Renee Newby, MD (2018)
Nominated From: University of Washington
Research Site: Peru
Research Area: Infectious Disease
Primary Mentor: Joseph Zunt
Early diagnosis of tuberculosis meningitis to promote improved outcomes
Though tuberculosis (TB) is a treatable and curable disease, it remains one of the 10 leading causes of death worldwide now surpassing the mortality rate of HIV/AIDS. In 2015, among HIV-infected people, at least 1/3 were infected with TB, 1.2 million new cases of TB developed and 35% of deaths were attributable to TB.1 Globally, in 2014 there were an estimated 9.6 million new cases of TB. In Peru, the incidence of new TB cases in 2014 was 88.8/100,000 and in Lima-Callao, the incidence was 155.5/100,000. In 2013 and 2014, 60% of new TB cases in Peru were concentrated in Lima.2 Though the incidence is decreasing, the impact of TB on Lima, Peru remains significant.
When TB reaches the central nervous system (CNS), mortality is much higher. The most important risk factor for developing CNS tuberculosis is HIV infection, increasing the risk of developing active disease 20-30 times that of people without HIV. Cases that reach the CNS including tuberculous meningitis (TBM) and tuberculomas make up 1% of all TB cases3. Though TBM is often treatable if caught early, detection requires clinical recognition, imaging and affordable molecular diagnostic tools. TBM appears similar clinically yet has higher mortality than other forms of meningitis.2 In a preliminary study, mortality rates among patients with confirmed TBM and those with non-confirmed, but probable TBM were 50% and <30% respectively. Implementing appropriate treatment early is essential for decreasing morbidity and mortality. Criteria have been developed to clinically predict TBM vs. non-TB meningitis using models such as Thwaites’, in which, length of history, white-blood-cell count, total cerebrospinal fluid white-cell count, and cerebrospinal fluid neutrophil proportion are the main predictive measures. This model has increased early diagnosis, with sensitivities and specificities of 86% and 79% respectively.4
Aim 1. Quantify morbidity and mortality associated with TBM using a longitudinal cohort of patients with and without TBM. Overall mortality, TBM-associated mortality, and neurological assessments to determine morbidity will be performed at 1 and 3-months post-diagnosis.
1a) Determine if outcomes of meningitis differ for patients with confirmed TBM and non-TB meningitis patients. We hypothesize that confirmed TB meningitis cases will have greater in-hospital mortality as well out-patient morbidity and mortality.
1b) Determine if outcomes of TB meningitis differ for patients with HIV coinfection compared to those who are HIV-uninfected. We hypothesize that the immunodeficiency seen in HIV patients will be associated with increased morbidity and mortality among patients with newly diagnosed TBM.

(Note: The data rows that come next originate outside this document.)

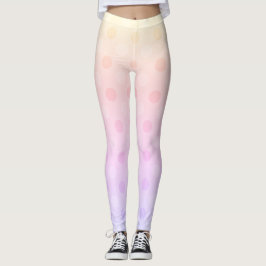 ropa activa para leggings de puntos pastel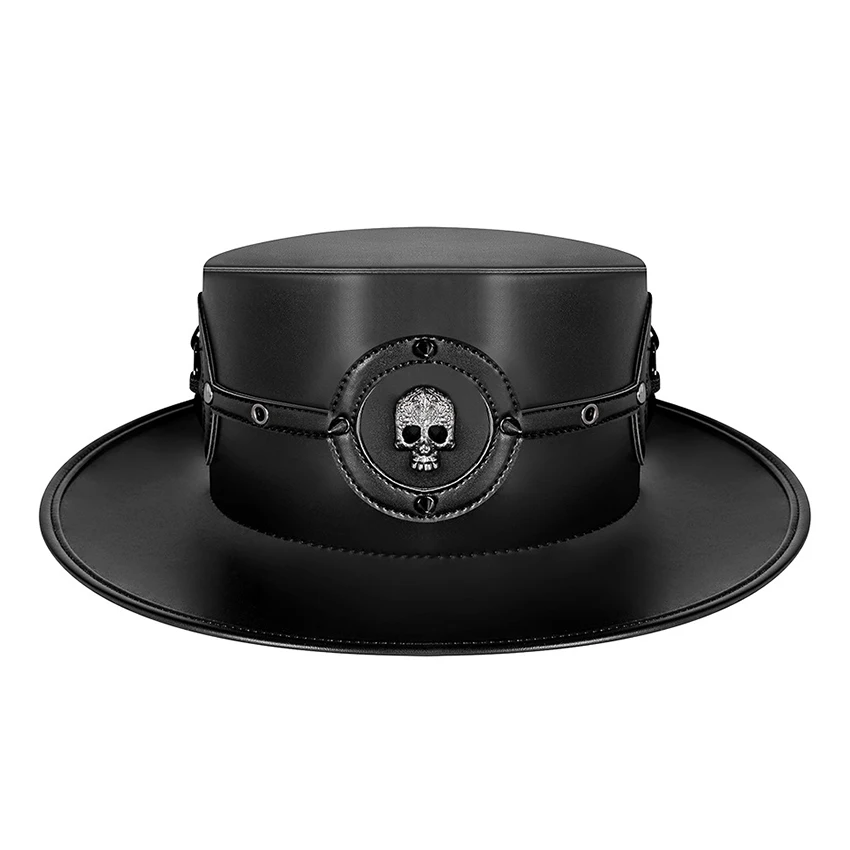 Plague Doctor Hat for Women Skull Magic Knight Cosplay Flat Formal Leather Hat Halloween Steampunk Accessories Props Adult
Plague Doctor Hat for Women Skull Magic Knight Cosplay Flat Formal Leather Hat Halloween Steampunk Accessories Props Adult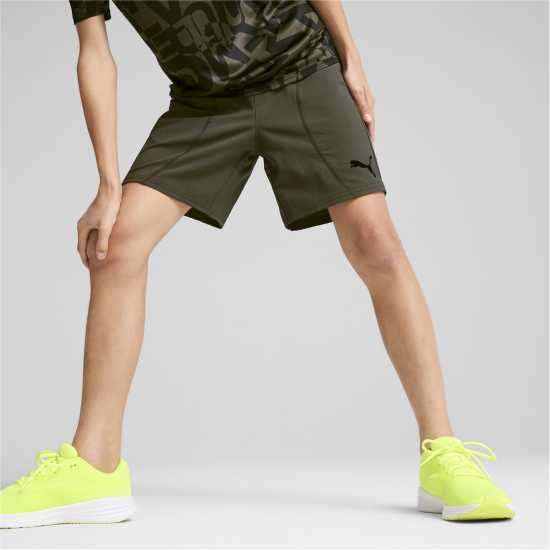 Puma Fit Evrydy Shorts B Gym Short Unisex Kids Тъмно маслиново 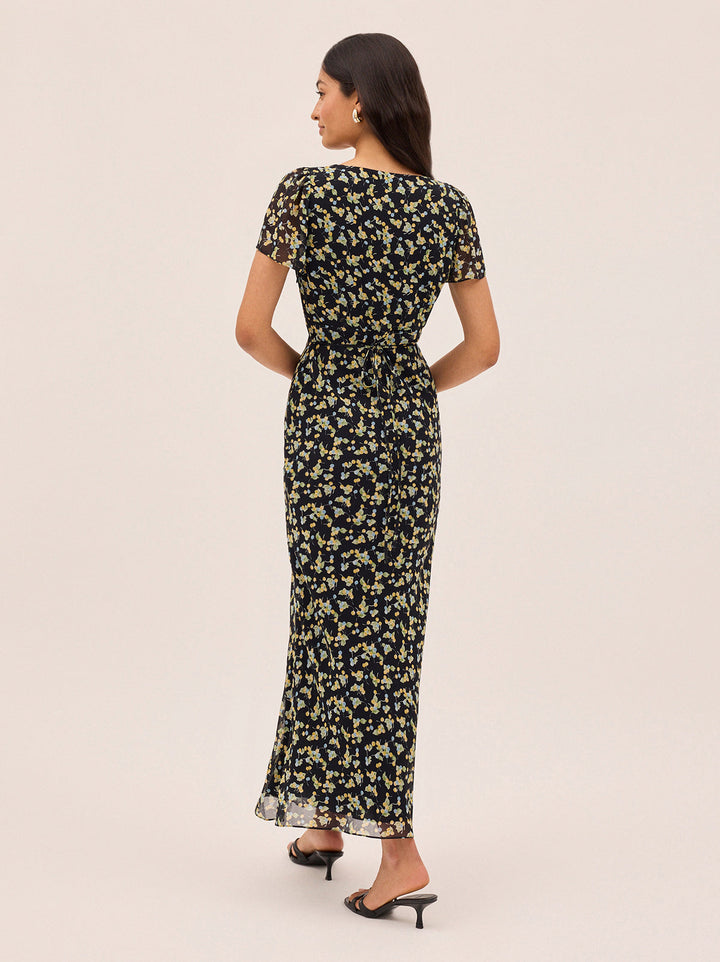 Talia Black Cherry Print Dress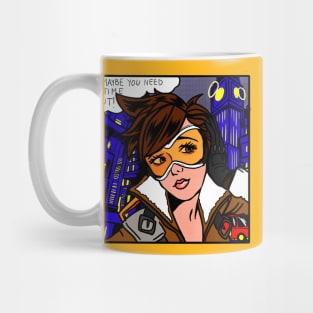 M-Maybe you need a time out! Mug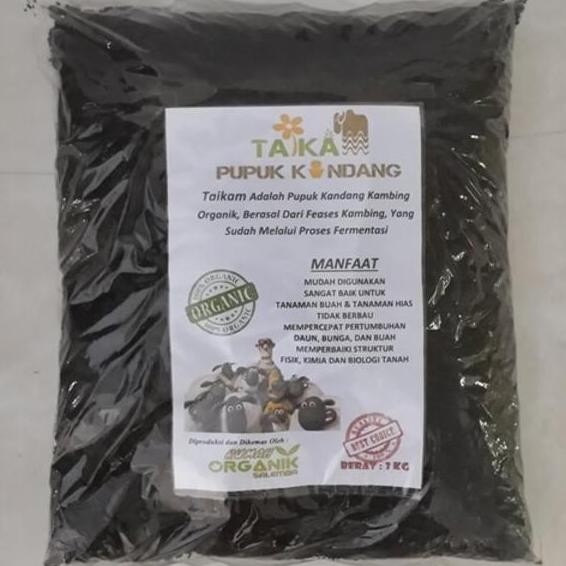 

Terlaris Pupuk Kandang Kotoran Kambing Murni Organik 3Kg Kompos Fermentasi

Aim 2. 2a) Identify factors associated with diagnosis of TBM as well as morbidity and mortality among those with TB and non-TB meningitis. We hypothesize that differences in clinical findings, HIV status and TB exposures increase the likelihood of TBM diagnosis. We also hypothesize that factors including lower socioeconomic status, past medical history, and HIV status contribute to morbidity and mortality of TBM.
2b) Develop a rule for clinical prediction of TBM diagnosis as well as patient outcome, primarily mortality, among patients with TBM and non-TB meningitis with and without HIV coinfection. We hypothesize that differences in clinical presentation among patients with TBM vs. non-TB meningitis can be used to predict the diagnosis of TBM and severity of morbidity and mortality.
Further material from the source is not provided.